We can see that there are four leg elements which define the waypoints of the airplane trajectory with x, y, z coordinates and the speed between these waypoints (movePerSec_m). This results in three flight lines. Furthermore, we see that the sr22 platform in data/platforms.xml is referenced, so let's have a look at that next:

Platform¶

In [4]:

Code(display_xml('data/platforms.xml', 'sr22'))

Out[4]:

<platform id="sr22" name="Cirrus SR-22" type="linearpath">
		<scannerMount z="0.7">
			<rot axis="x" angle_deg="-90" />
			<rot axis="z" angle_deg="90" />
		</scannerMount>
		<!--<positionXNoise
			clipMin="0.0" clipMax="0.0" clipEnabled="false" fixedLifespan="1"
			type="NORMAL" mean="0.0" stdev="0.02"/>
		<positionYNoise
			clipMin="0.0" clipMax="0.0" clipEnabled="false" fixedLifespan="1"
			type="NORMAL" mean="0.0" stdev="0.02"/>
		<positionZNoise
			clipMin="0.0" clipMax="0.0" clipEnabled="false" fixedLifespan="1"
			type="NORMAL" mean="0.0" stdev="0.02"/>
		<attitudeXNoise
			clipMin="0.0" clipMax="0.0" clipEnabled="false" fixedLifespan="1"
			type="NORMAL" mean="0.0" stdev="0.001"/>
		<attitudeYNoise
			clipMin="0.0" clipMax="0.0" clipEnabled="false" fixedLifespan="1"
			type="NORMAL" mean="0.0" stdev="0.001"/>
		<attitudeZNoise
			clipMin="0.0" clipMax="0.0" clipEnabled="false" fixedLifespan="1"
			type="NORMAL" mean="0.0" stdev="0.001"/>-->
	</platform>

This is a linearpath type platform, a mobile platform which moves in a straight line between consecutive legs with a constant speed provided by the user.

Without any rotations applied to the scannerMount in the platform XML or the beamOrigin in the scanner XML, scanners in HELIOS would face towards to Y-axis (forward) and scan in vertical scan lines (in the plane created by the Y- and Z-axis).

For the sr22, the scannerMount is configured so that the scanner is rotated -90° around the X-axis (facing downwards) and 90° around the Z-axis (scanning from left to right, i.e., in the plane created by the X- and Z-axes).

For more information and examples, check out the rotations section of the Wiki page on platforms.

Sanner¶

Next we will have a look at the scanner that is placed on the platform.
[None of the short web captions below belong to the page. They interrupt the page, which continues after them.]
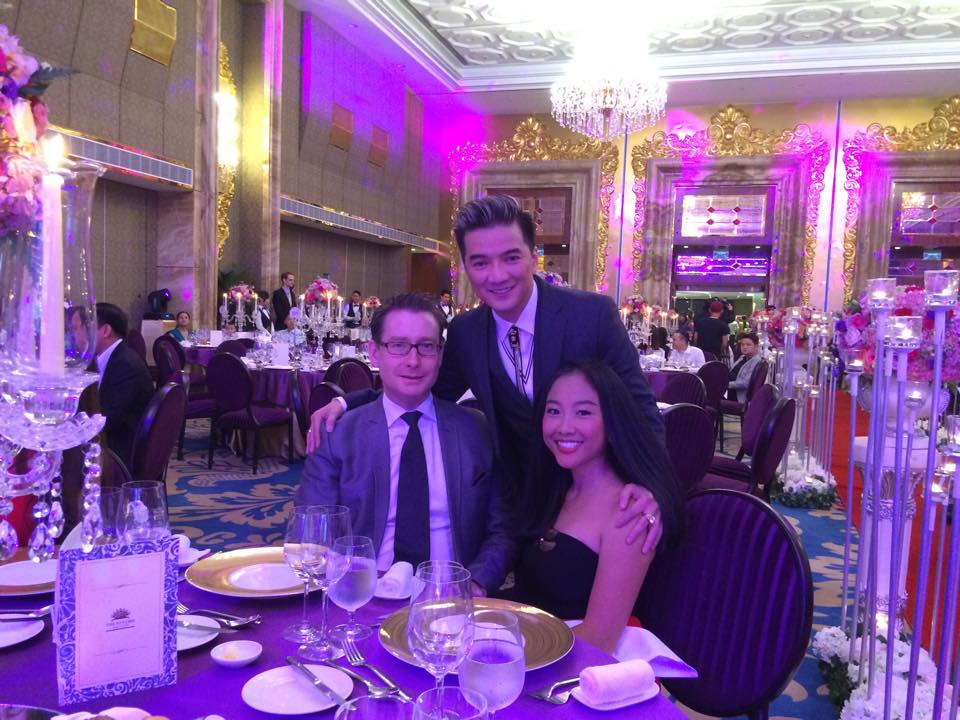 Dàn sao Việt tưng bừng hát mừng đám cưới Lam Trường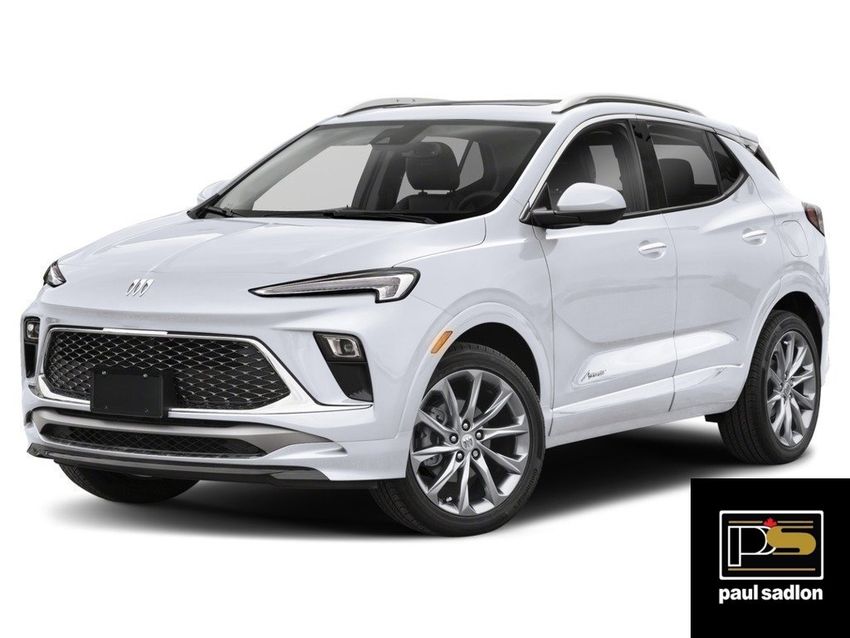 2026 Buick Encore GX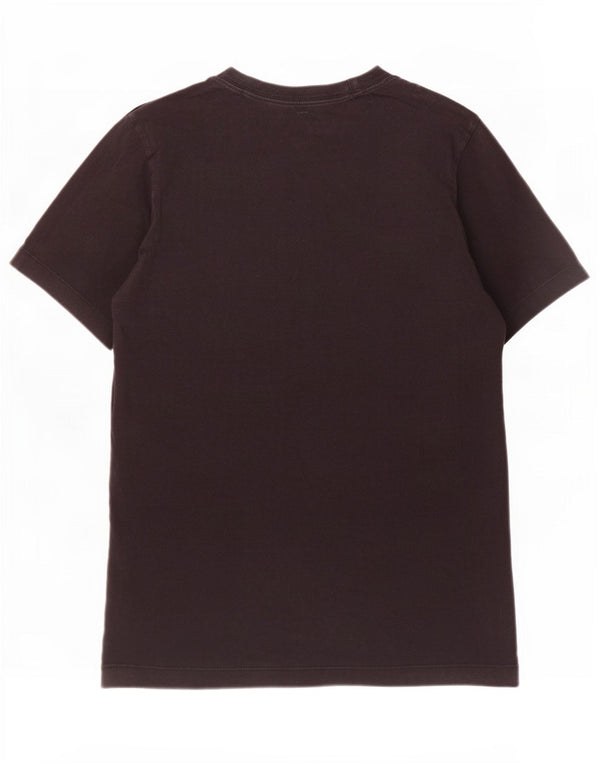 Nike T-Shirt Homme Haut XS Noir Coton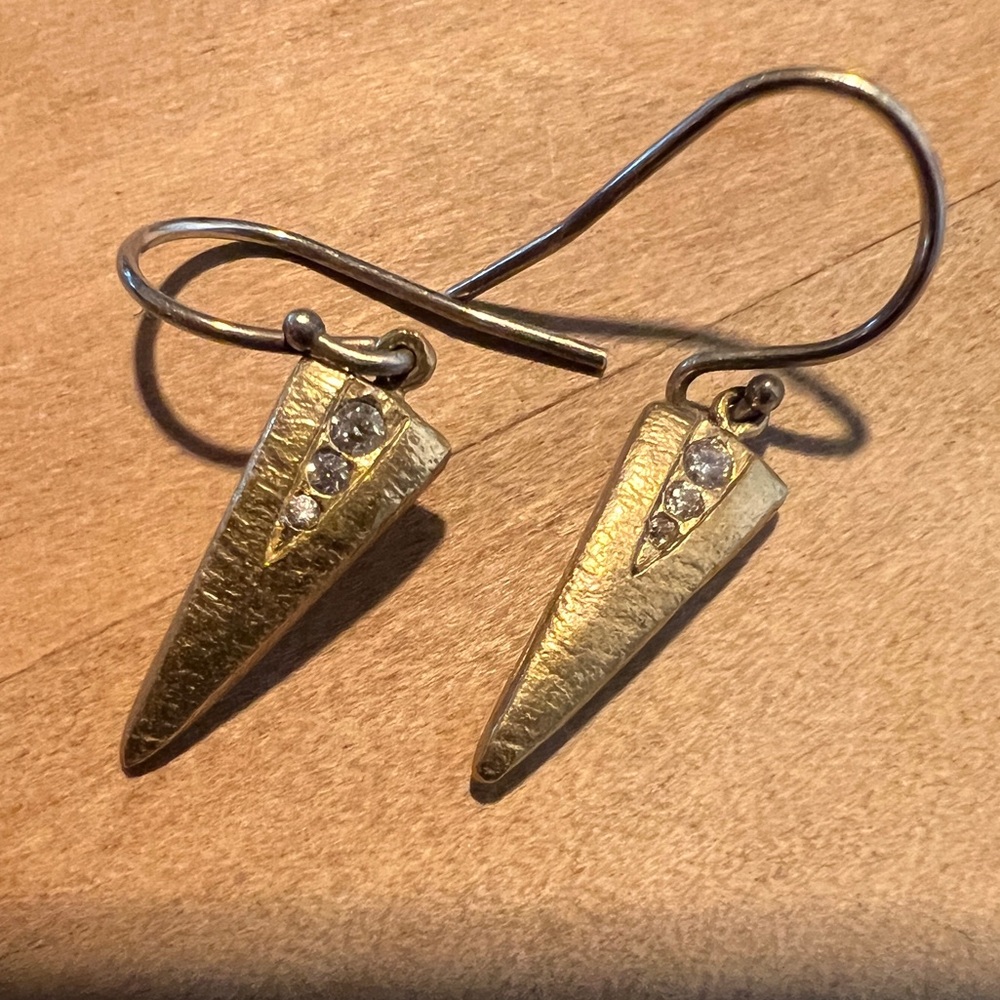 Silpada Dangle Earrings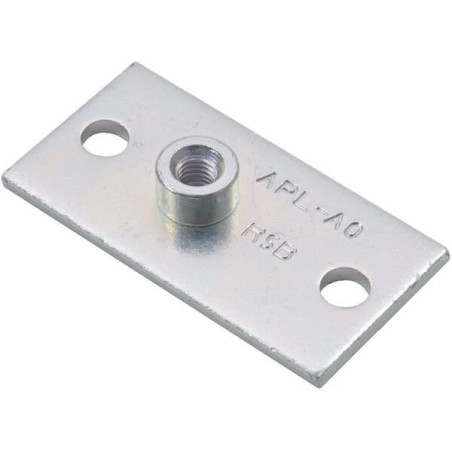 Plaque STAUFF RS9410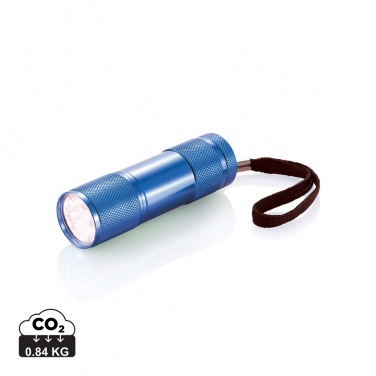Logo trade corporate gift photo of: Quattro aluminium torch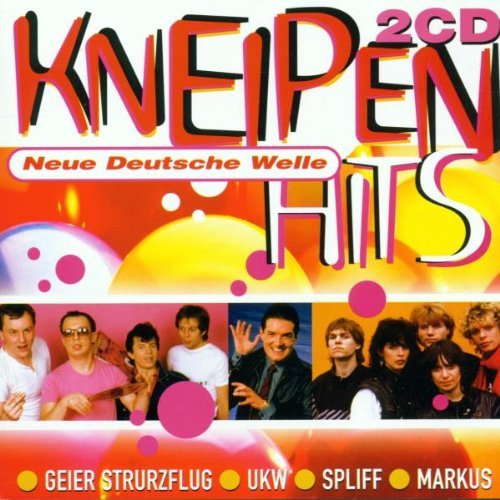 Sampler - Kneipenhits - Neue Deutsche Welle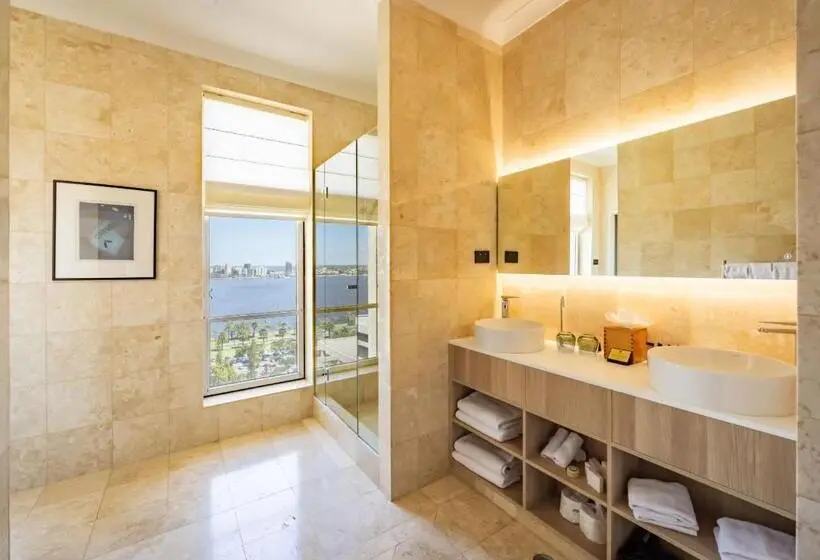 Suite, Duxton Hotel Perth
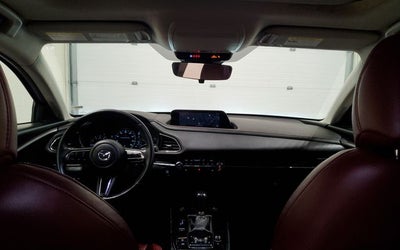 2024 Mazda Mazda CX-30 2.5 S Carbon Edition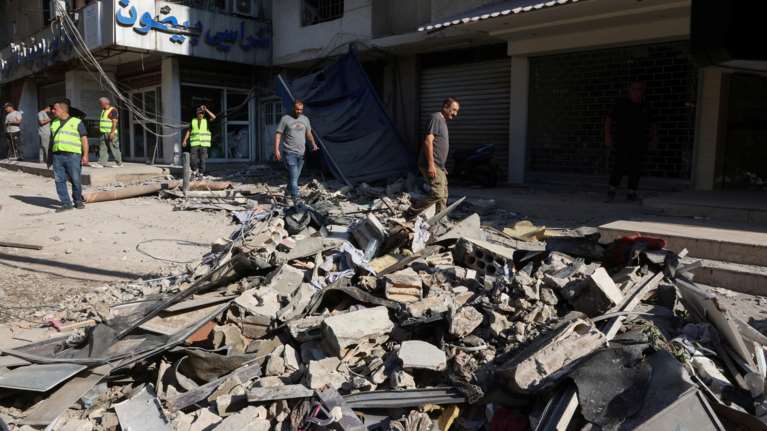 Η Χεζμπολάχ παραδέχεται ότι ο διοικητής της ήταν στο κτίριο που χτύπησε το Ισραήλ - Δεν επιβεβαιώνει τον θάνατό του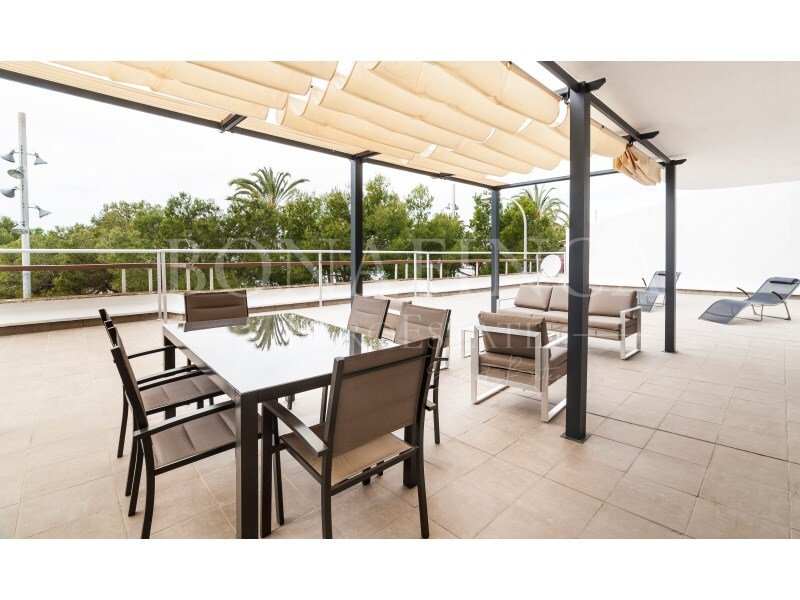 4 Bedroom Flat In First Line In The Alcudia In Alcúdia, Balearic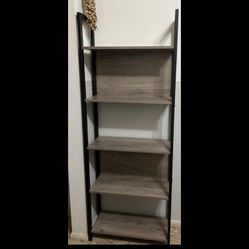 5 Tier Bookshelf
Here it is the leica_als50-ii defined in data/scanners_als.xml as shown in the survey XML.

In [5]:

Code(display_xml('data/scanners_als.xml', 'leica_als50-ii'), language='XML')

Out[5]:

<scanner id="leica_als50-ii" accuracy_m="0.05" beamDivergence_rad="0.00022" name="Leica ALS50-II" optics="oscillating" pulseFreqs_Hz="20000,60000,150000" pulseLength_ns="10" rangeMin_m="200" scanAngleMax_deg="37.5" scanFreqMin_Hz="0" scanFreqMax_Hz="90" maxNOR="4" />

Here we can see the scanner-specific settings, for example the beamDivergence_rad, the accuracy or the possible pulse frequencies (pulseFreq_Hz). The Leica ALS50-II has an oscillating beam deflector (optics) and is capable of recording up to 4 returns per emitted pulse (maxNOR).

Scene¶

Now we will have a look at the scene, hd_demo.xmlin data/scenes/demo/hd_demo.xml:

In [6]:

Code(display_xml('data/scenes/demo/hd_demo.xml', 'hd_demo'))

Out[6]:

<scene id="hd_demo" name="Heidelberg">
        <part>
            <filter type="geotiffloader">
                <param type="string" key="filepath" value="data/sceneparts/tiff/dem_hd.tif" />
            </filter>
        </part>
    </scene>

Here we see one object, which is a digital elevation model (DEM) of Heidelberg (Germany) in GeoTIFF file format. To load it, we use the geotiffloader filter and give the relative path to the file in the filepath parameter.

Executing the Simulation¶

Next, we will run the simulation. In Jupyter Notebooks, we can run external commands with the !command syntax, but you can also just run it from the command line.

In [8]:

!helios data/surveys/demo/als_hd_demo_tiff.xml -q

The results¶

Now we can display a couple of 2D plots of the simulated point cloud.

We first load the output files to numpy arrays.

In [9]:

import numpy as np
import matplotlib.pyplot as plt

output_path = find_playback_dir('data/surveys/demo/als_hd_demo_tiff.xml')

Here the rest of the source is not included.